=== Section Start ===

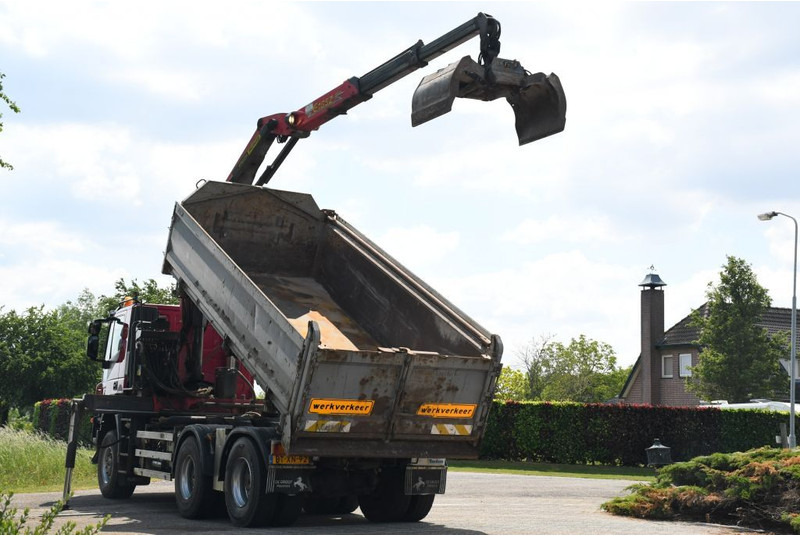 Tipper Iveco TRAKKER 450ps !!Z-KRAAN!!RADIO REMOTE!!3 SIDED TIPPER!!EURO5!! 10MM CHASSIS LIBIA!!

=== Section End ===
=== Section Start ===

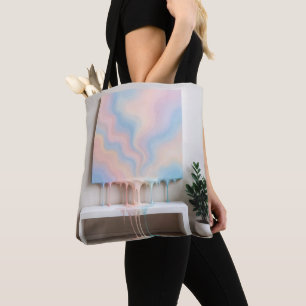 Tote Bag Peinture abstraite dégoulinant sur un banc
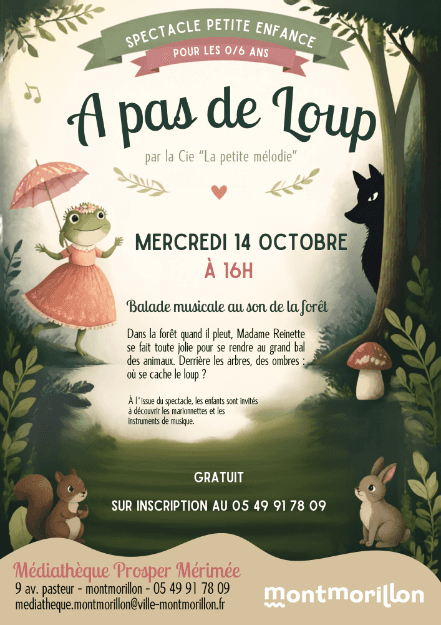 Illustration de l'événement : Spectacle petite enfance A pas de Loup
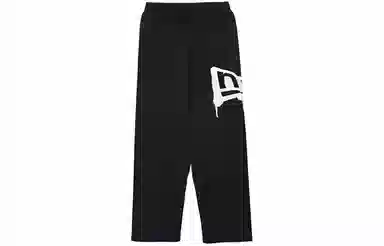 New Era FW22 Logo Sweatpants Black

=== Section End ===

REQUIRED ACTION.
In the data above, find the line containing "Illustration de l'événement" and the line containing "New Era FW22 Logo Sweatpants Black". Copy exactly the stretch from the first through the second, both included, leaving out any picture.

ANSWER TO THIS EXERCISE.
 Illustration de l'événement : Spectacle petite enfance A pas de Loup
 New Era FW22 Logo Sweatpants Black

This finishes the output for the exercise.